The Dissatisfaction of Excess

My wife and I just returned from a vacation road trip to Las Vegas and Phoenix. One of her sisters and brother-in-law live outside of Phoenix, as does one of our nephews, thus our trip culminating with a sliding further south.

We had other friends from Michigan who had moved to the Las Vegas area about a year ago that we wanted to reunite with, as well as their daughter who used to be one of our kids’ babysitters. The rest of our time in Las Vegas was spent walking, walking, and walking. We strolled through The Bellagio and stared at the ceiling, The Venetian and watched the gondolas, and the shopping area at Wynn’s where you had to make an appointment to be able to enter and look at the extremely overpriced merchandise. Everything in Las Vegas is about excess and unnecessary. It whispers the possibility of obtaining what is outside a person’s personality and lifestyle.

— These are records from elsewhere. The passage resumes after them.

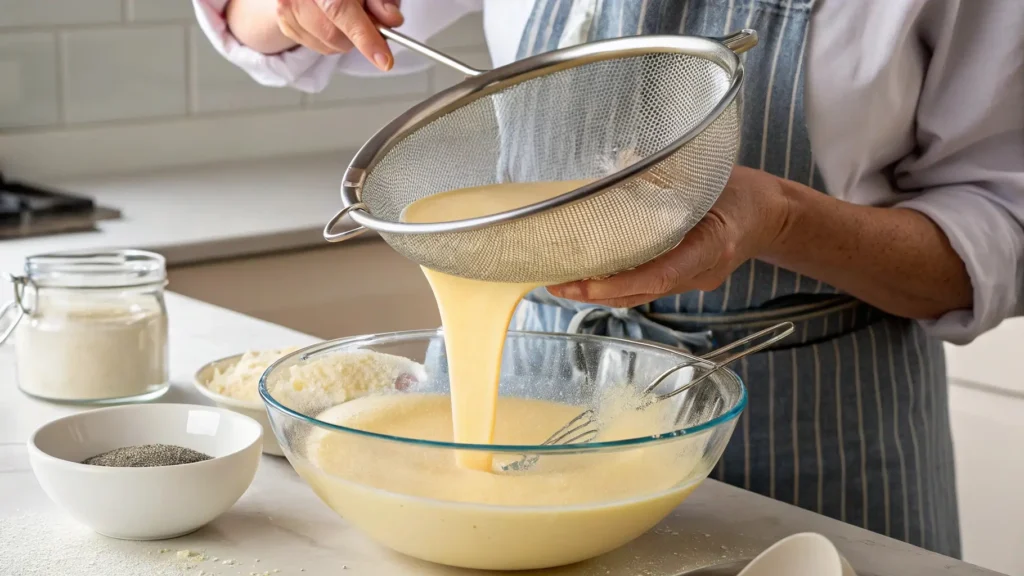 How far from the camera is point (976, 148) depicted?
115 centimetres

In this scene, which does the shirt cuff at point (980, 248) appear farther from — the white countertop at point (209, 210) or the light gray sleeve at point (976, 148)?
the white countertop at point (209, 210)

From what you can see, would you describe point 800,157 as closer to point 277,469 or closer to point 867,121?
point 867,121

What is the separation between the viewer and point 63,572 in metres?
0.73

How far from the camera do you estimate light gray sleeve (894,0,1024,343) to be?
107 centimetres

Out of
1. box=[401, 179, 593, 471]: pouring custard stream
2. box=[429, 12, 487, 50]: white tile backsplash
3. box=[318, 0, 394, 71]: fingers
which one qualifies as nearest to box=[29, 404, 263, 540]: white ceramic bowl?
box=[401, 179, 593, 471]: pouring custard stream

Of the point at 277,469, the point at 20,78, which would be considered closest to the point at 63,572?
the point at 277,469

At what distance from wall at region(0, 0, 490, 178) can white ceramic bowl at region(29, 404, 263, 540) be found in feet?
4.91

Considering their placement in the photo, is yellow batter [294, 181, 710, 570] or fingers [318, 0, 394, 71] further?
fingers [318, 0, 394, 71]

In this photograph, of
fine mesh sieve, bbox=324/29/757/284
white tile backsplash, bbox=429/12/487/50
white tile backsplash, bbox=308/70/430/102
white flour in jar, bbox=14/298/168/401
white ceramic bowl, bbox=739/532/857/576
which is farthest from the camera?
white tile backsplash, bbox=429/12/487/50

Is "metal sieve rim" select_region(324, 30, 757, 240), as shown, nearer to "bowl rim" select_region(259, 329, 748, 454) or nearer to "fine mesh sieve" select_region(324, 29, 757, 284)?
"fine mesh sieve" select_region(324, 29, 757, 284)

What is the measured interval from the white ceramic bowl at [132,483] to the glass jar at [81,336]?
0.18 meters

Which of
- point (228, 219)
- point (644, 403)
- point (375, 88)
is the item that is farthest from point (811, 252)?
point (375, 88)

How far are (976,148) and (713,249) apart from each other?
42 centimetres

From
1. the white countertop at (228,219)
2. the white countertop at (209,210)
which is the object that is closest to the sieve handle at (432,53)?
the white countertop at (209,210) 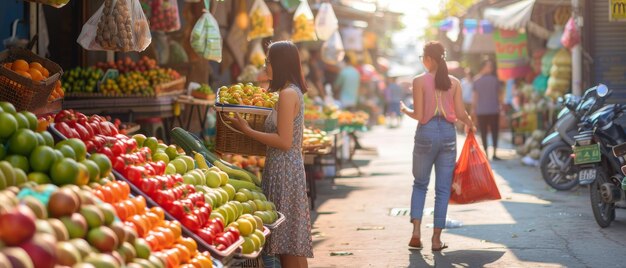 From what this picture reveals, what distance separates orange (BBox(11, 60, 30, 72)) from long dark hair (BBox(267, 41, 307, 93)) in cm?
173

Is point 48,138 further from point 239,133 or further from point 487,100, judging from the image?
point 487,100

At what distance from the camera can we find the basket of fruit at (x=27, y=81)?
6.40 meters

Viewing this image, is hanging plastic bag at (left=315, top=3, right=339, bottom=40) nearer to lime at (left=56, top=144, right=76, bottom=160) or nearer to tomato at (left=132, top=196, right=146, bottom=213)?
tomato at (left=132, top=196, right=146, bottom=213)

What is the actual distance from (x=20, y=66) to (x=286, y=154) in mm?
1979

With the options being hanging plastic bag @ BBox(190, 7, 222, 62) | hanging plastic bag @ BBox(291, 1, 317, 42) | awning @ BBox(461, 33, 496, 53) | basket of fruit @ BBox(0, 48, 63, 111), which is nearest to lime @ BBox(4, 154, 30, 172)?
basket of fruit @ BBox(0, 48, 63, 111)

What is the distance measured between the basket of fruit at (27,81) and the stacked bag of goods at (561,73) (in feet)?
39.9

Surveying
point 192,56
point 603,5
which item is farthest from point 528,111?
point 192,56

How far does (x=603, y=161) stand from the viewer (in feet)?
35.0

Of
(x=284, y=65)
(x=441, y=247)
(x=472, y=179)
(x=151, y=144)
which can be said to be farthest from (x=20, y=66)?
(x=472, y=179)

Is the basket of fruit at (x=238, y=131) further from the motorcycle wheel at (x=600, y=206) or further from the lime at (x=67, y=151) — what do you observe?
the motorcycle wheel at (x=600, y=206)

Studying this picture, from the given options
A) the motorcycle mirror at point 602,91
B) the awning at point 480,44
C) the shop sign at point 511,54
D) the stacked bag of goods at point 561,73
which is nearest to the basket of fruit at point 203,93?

And there lies the dilemma and the deception! The Las Vegas sale that lures the crowds is an image, a dream, of people bathing in the riches of their winnings and the depravity of their fallen nature. The truth that gets detoured around is that what is excessive never satisfies. It’s simply the next rippled ring in the splash of the new experience.

There is something about us that leads us toward decisions that have not been thought all the way through. What looks dazzling seems to demand our attention. There is also something about the way God created us that longs for a holy fullness, an intimacy with the divine. The world (and the Deceiver), however, continues to lead us in a bypass around our hunger for God and caused us to settle for the thirst of the unnecessary.

In Las Vegas we saw people who were on a constant search for something that would satisfy and they never found it. And they won’t! The brightness of the lights and hopes written on marquees however will keep them searching, longing, and wondering why happiness is so elusive.